Approximately 20% of people with hypertension do not know they have elevated BP, whereas only half of those with hypertension have controlled BP and about one-third of patients with so-called resistant hypertension could have their BP controlled with the addition of a fourth drug, such as a mineralocorticoid receptor antagonist (MRA), Lepor said.
“You want to make sure you are optimizing therapy and considering the ‘four D’s’ — drug dose, duration and diuretic choice, “ Lepor said. “You certainly want to assess for [medication] adherence and confirm that the patient has resistant hypertension.”
Beware of ‘pseudoresistant hypertension’
Lepor said clinicians should understand the many factors that contribute to resistant hypertension and that proper assessment for those factors could help lower elevated BP without additional pharmacology.
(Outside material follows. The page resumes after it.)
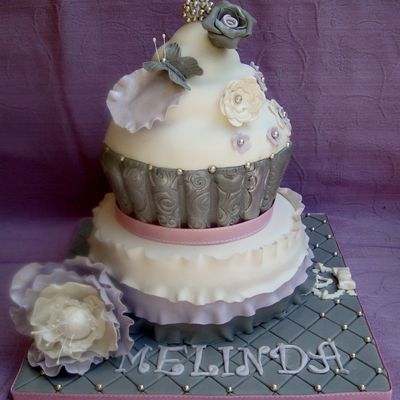 A Giant Cupcake et mini's pour le Baptême de Melinda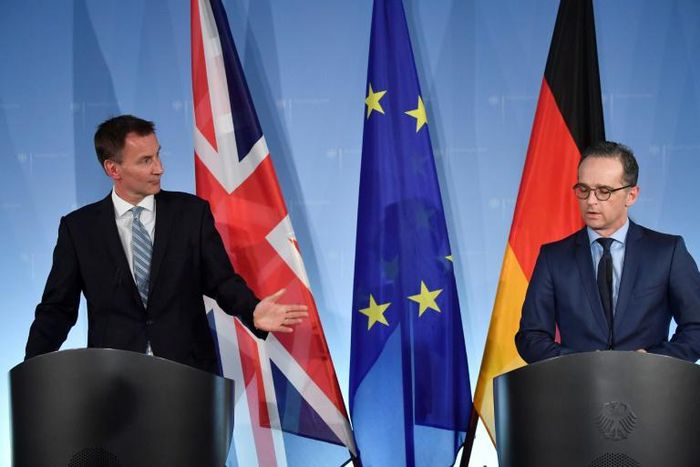 Britain's Foreign Secretary Jeremy Hunt (L) and German Foreign Minister Heiko Maas give a press conference following talks on February 20, 2019 in Berlin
It is also important to rule out other common conditions that may resemble resistant hypertension, such as primary aldosteronism, thyroid disease, obstructive sleep apnea, or less common but possible conditions such as pheochromocytoma, Cushing’s syndrome or coarctation of the aorta, Lepor said.
“You want to assess the patient’s BP correctly and make sure they are on the three [recommended] classes of medicines,” Lepor said. “You want to make sure patients are adherent to these treatments, and then evaluate for secondary causes of hypertension. I routinely ask patients if they are taking NSAIDs ... as well as herbs, especially herbs of a licorice type.”
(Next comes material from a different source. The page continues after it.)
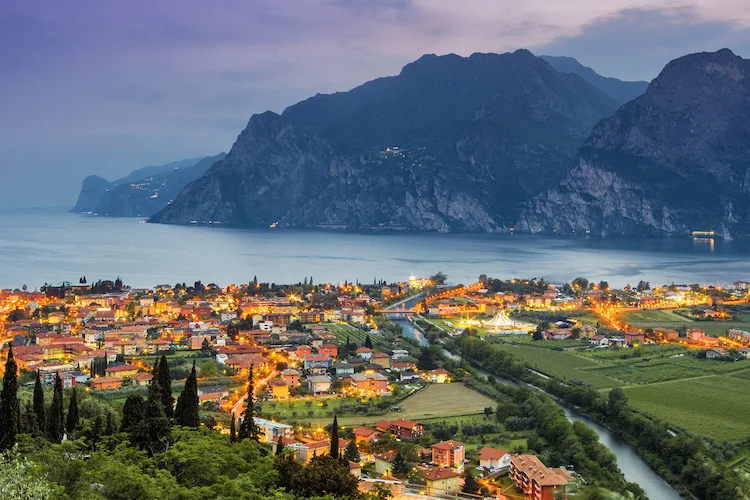 mountain villages and small towns line the shores of Lake Garda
Several common factors can contribute to what Lepor called “pseudoresistant hypertension,” including a poor relationship between the clinician and patient or the patient not taking medications as prescribed due to issues such as cost, adverse effects, a complicated dosing schedule, and memory or psychiatric problems. Physician inertia when it comes to titrating dosing is another issue, Lepor said.
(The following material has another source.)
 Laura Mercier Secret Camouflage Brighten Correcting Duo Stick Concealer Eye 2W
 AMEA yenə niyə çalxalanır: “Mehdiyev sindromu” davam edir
“Before we call people resistant hypertensives, you certainly want to exclude the ‘white coat hypertension’ effect with a 24-hour BP monitor,” Lepor said. “Assessing for compliance is a huge issue. I do not really count pills, but certainly educating patients [about taking medications] is important. And make sure the BP is taken properly. In many settings, it can be an untrained medical assistant taking a BP when the patient is not in the correct position.”
Drug therapies
The American Heart Association scientific statement on resistant hypertension calls for adding an MRA such as spironolactone for patients whose BP is uncontrolled despite use of renin-angiotensin system blockers, calcium channel blockers and diuretics, Lepor said.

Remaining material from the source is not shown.